> **Instructions to follow**
Here, the job is to give back every entry below unchanged, omitting pictures.

> **Provided information**
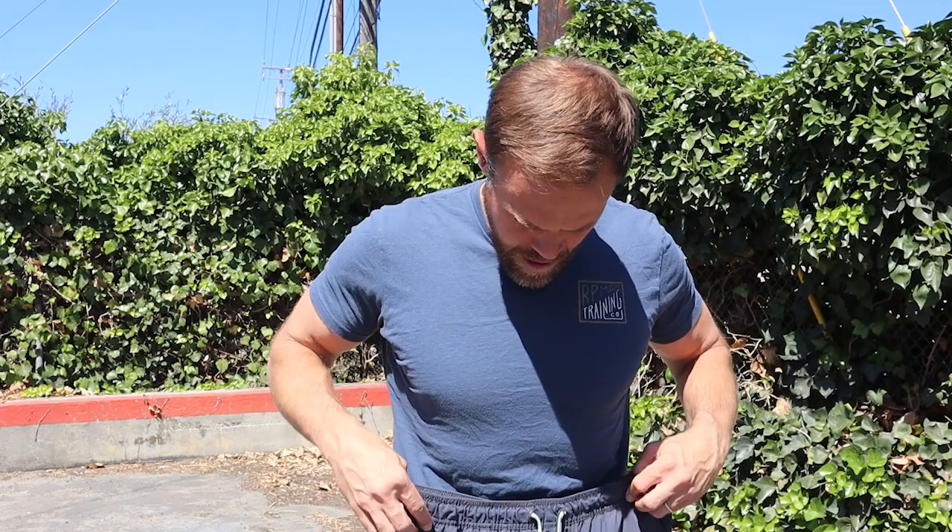There's always room for my keys, wallet, or phone. At the same time they're not super baggy either. I like the fit — some other shorts I've bought just puff out on the sides, but none of that here. Just a nice, solid, straight up-and-down fit.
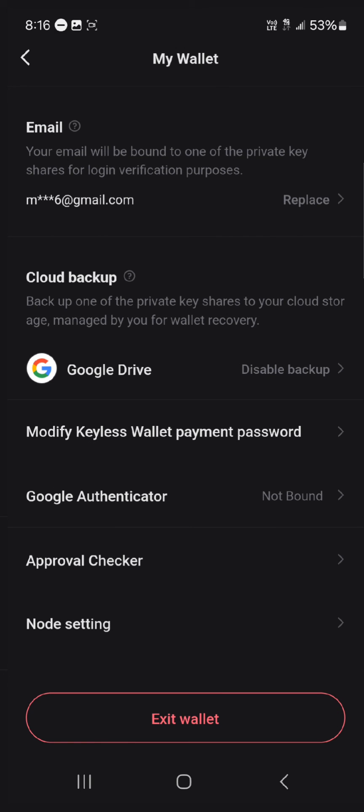So guys, that's how you can simply back up your BitGet wallet. Do comment down below if you have any questions and you'll be given an answer. Thank you.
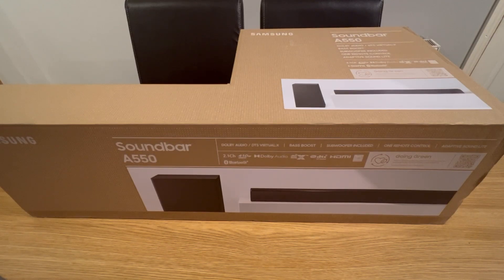Welcome back to another unboxing. This time I've got the new Samsung soundbar A550. This is one of the Black Friday deals from Currys. If you're interested in potentially upgrading your soundbar or investing in your home system for watching movies or series, definitely look at the Samsung brand. This is one of the top versions - normally over 300 pounds, around 320 full price, but currently 199 with the Black Friday deal.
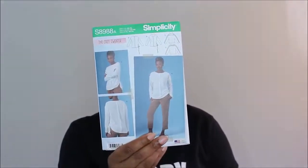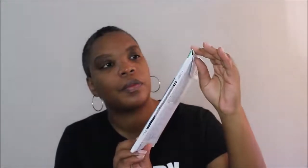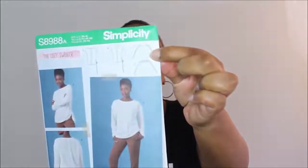This pattern review is going to be on Simplicity 8988. I did View C with the collar and I decided to color block because I wanted to make a color block outfit. I wanted to make it in red and black, but I did not have any red ponty knit in my stash. So I decided to make the shirt in black and white.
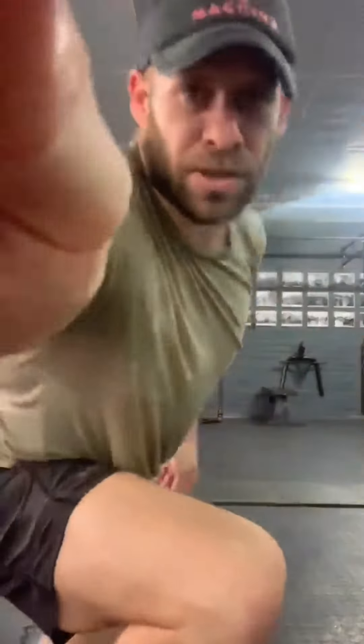Reach-back sit-ups: feet off the ground, shoulders off the ground, coming up into feet touching your ankles, back down without letting shoulders and feet touch the floor. That is Segment B. Segment C is a 12-minute running clock where you'll do a max handstand hold against the wall for as long as you can.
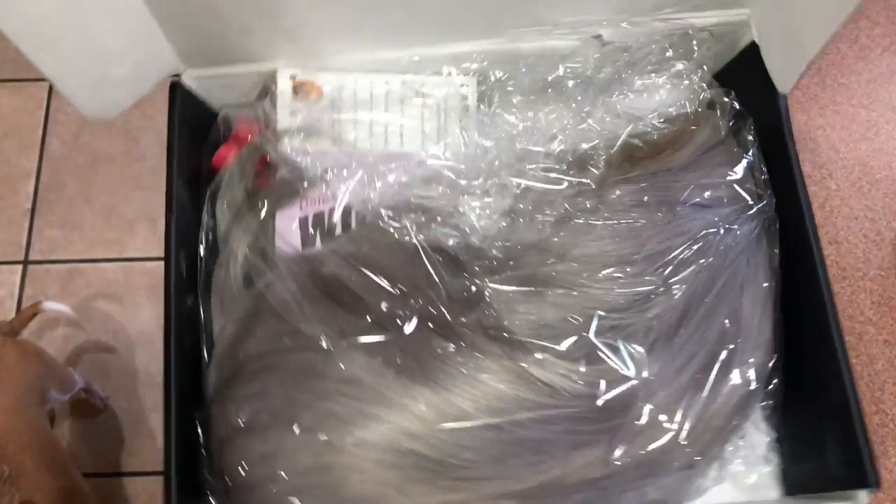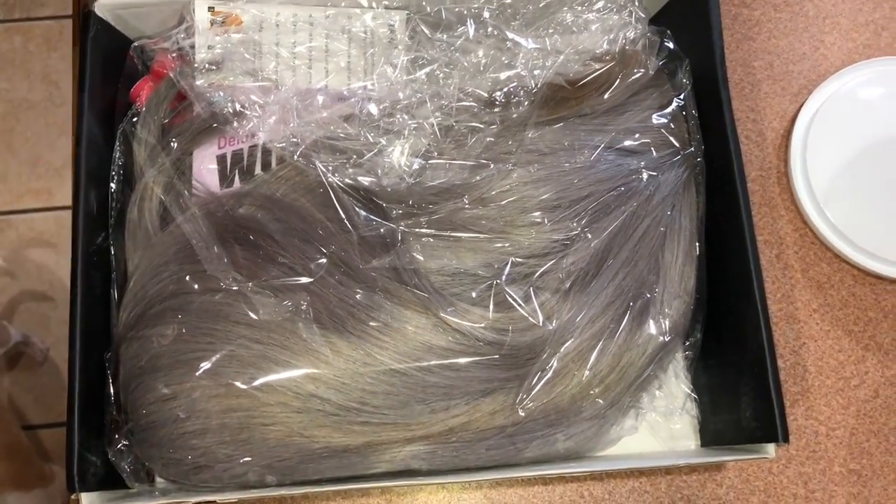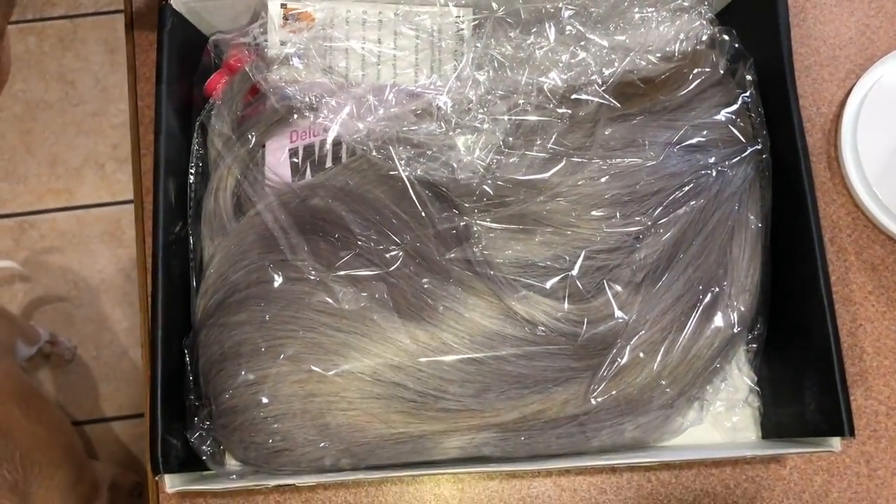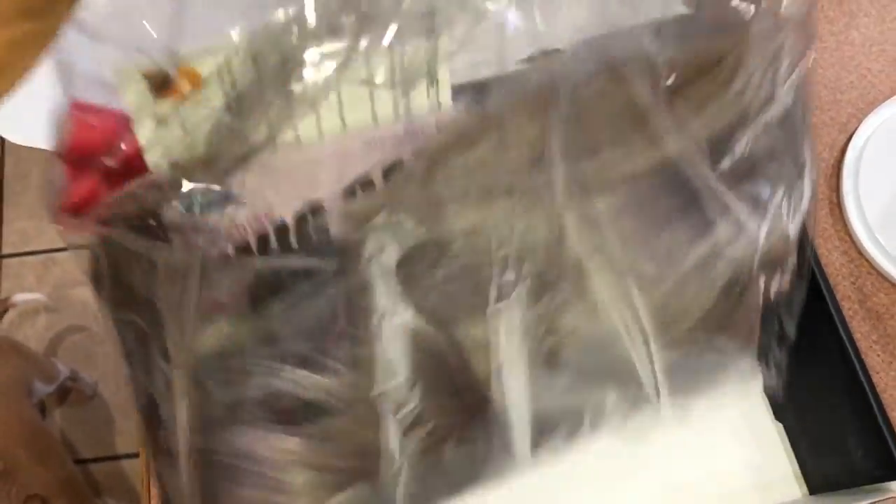So it came in a box like this. It says YouGlam hair product and has the YouGlam website and everything. When I opened it, it was just like this with the wig in there. And it has some flexi rods. Y'all, I swear this is like the third time they sent me some flexi rods — I got a pack of flexi rods now because each time they send me like four flexi rods. But I think that's so cool because these flexi rods are big and really sturdy. These are good flexi rods — these ain't the ones you get from the dollar store.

> **Answer below**
There's always room for my keys, wallet, or phone. At the same time they're not super baggy either. I like the fit — some other shorts I've bought just puff out on the sides, but none of that here. Just a nice, solid, straight up-and-down fit.
So guys, that's how you can simply back up your BitGet wallet. Do comment down below if you have any questions and you'll be given an answer. Thank you.
Welcome back to another unboxing. This time I've got the new Samsung soundbar A550. This is one of the Black Friday deals from Currys. If you're interested in potentially upgrading your soundbar or investing in your home system for watching movies or series, definitely look at the Samsung brand. This is one of the top versions - normally over 300 pounds, around 320 full price, but currently 199 with the Black Friday deal.
This pattern review is going to be on Simplicity 8988. I did View C with the collar and I decided to color block because I wanted to make a color block outfit. I wanted to make it in red and black, but I did not have any red ponty knit in my stash. So I decided to make the shirt in black and white.
Reach-back sit-ups: feet off the ground, shoulders off the ground, coming up into feet touching your ankles, back down without letting shoulders and feet touch the floor. That is Segment B. Segment C is a 12-minute running clock where you'll do a max handstand hold against the wall for as long as you can.
So it came in a box like this. It says YouGlam hair product and has the YouGlam website and everything. When I opened it, it was just like this with the wig in there. And it has some flexi rods. Y'all, I swear this is like the third time they sent me some flexi rods — I got a pack of flexi rods now because each time they send me like four flexi rods. But I think that's so cool because these flexi rods are big and really sturdy. These are good flexi rods — these ain't the ones you get from the dollar store.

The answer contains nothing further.